Grassroot support for Taiwan's Chen weathers scandals
TAINAN COUNTY, Taiwan, July 16 (Reuters) Standing with his family in front of President Chen Shui-bian's childhood home, Wang Fang-cao is unwavering in his support for the scandal-plagued Taiwan leader.
Wang, 40, says it's simply a choice about identity.
Chen and his ruling Democratic Progressive Party (DPP) believe in building a Taiwanese identity separate from China, something Wang also holds dear.
Since Chen's election in 2000, the traditional three-sided Chinese-style house has become a tourist attraction in the southern county of Tainan, the heartland for grassroots supporters of the president and the party.
But the DPP fears its supporters could turn their backs after a string of scandals involving Chen's family and close aides.

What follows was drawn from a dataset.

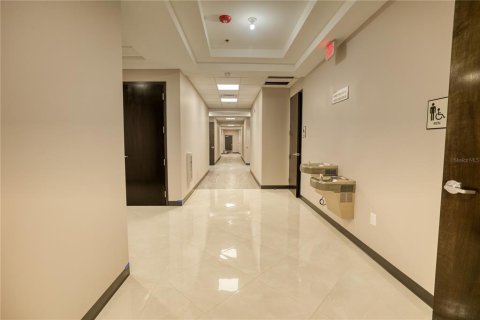 Propiedad comercial en alquiler en Orlando, Florida, 93.46 m2 № 1634960 - foto 19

''It won't affect me supporting them, simply because I believe Taiwan is an independent country,'' said Wang, who works as a legal researcher in Tainan.
''The opposition parties want to sell Taiwan out to become part of China and I can't accept that,'' he said, watching his two daughters take turns to snap photos of each other in front of the red-brick farm house.
The main opposition Nationalist Party, or Kuomintang, favours closer ties with China and has used the scandals to hammer Chen and the DPP as well as launching an unsuccessful parliamentary ''recall'' vote last month in an attempt to force him to quit.
China and Taiwan have been ruled separately since 1949, when the defeated Kuomintang (KMT) government retreated to the island, leaving the mainland to Mao Zedong's Communists. Beijing insists on eventual reunification, by force if necessary.
Despite the fierce loyalty of grassroots supporters like Wang, party officials admit the scandals that have sent Chen's popularity ratings to record lows have also affected DPP support.
The party, which long campaigned for clean government, is facing a serious challenge in mayoral elections in the capital, Taipei, and in the southern city of Kaohsiung in December and a presidential poll in 2008.
Now serving his second term, Chen is ineligible to run for president again.
CRISIS MANAGEMENT Chen's administration and the DPP were plunged into crisis in May, when prosecutors began probing allegations by an opposition lawmaker of insider-trading by his son-in-law, Chao Chien-ming.
Chao was indicted on Monday and prosecutors sought an eight-year jail term.
That followed the indictment of Chen's former deputy chief-of-staff, Chen Che-nan, no relation to the president, on corruption charges.
Prosecutors also questioned First Lady Wu Shu-chen after the lawmaker accused her of accepting department store vouchers worth millions of Taiwan dollars.
A poll on Thursday by Global View Magazine showed that 72.4 percent of respondents said Chen should step down if it was shown that Wu had received the vouchers, while almost 60 percent thought the DPP was not committed to clean government or reform.
DPP officials say the damage has been done and that much work is needed to win back voters' confidence.
''Although the recall vote failed, both President Chen and the DPP should humbly reflect upon on themselves and face up to it,'' Su Huan-chih, the DPP's Tainan County magistrate said.
OPPOSITION BOOST? However, party officials debate the extent to which the party will be affected in 2008, pointing to modest gains in grassroots elections in June.
''Although, on the surface, the support for the DPP has been dwindling, we have seen the number of DPP members being elected as village heads and neighbourhood chiefs has been increasing,'' said Kuo Kuo-wen, chairman of the party's Tainan County branch.
Even the Nationalists' representatives in Tainan were cautious about claiming any significant windfalls in Chen's home county from the scandal.
''It's too early to tell if support for the Kuomintang has strengthened,'' said Su Ming-kuo, chairman of the KMT's Tainan chapter. ''But it has raised expectations for the Kuomintang.'' Disappointment in the ranks of hardcore Chen supporters and DPP voters is obvious, but whether or not that will translate into losses at the ballot box has yet to be seen.
''I wish this news wasn't true and it was about somebody else, but at the end of the day I will still support Chen and the DPP,'' said Jenny Su, 61, a retiree from Taipei, as she took one last look back at Chen's house before heading home.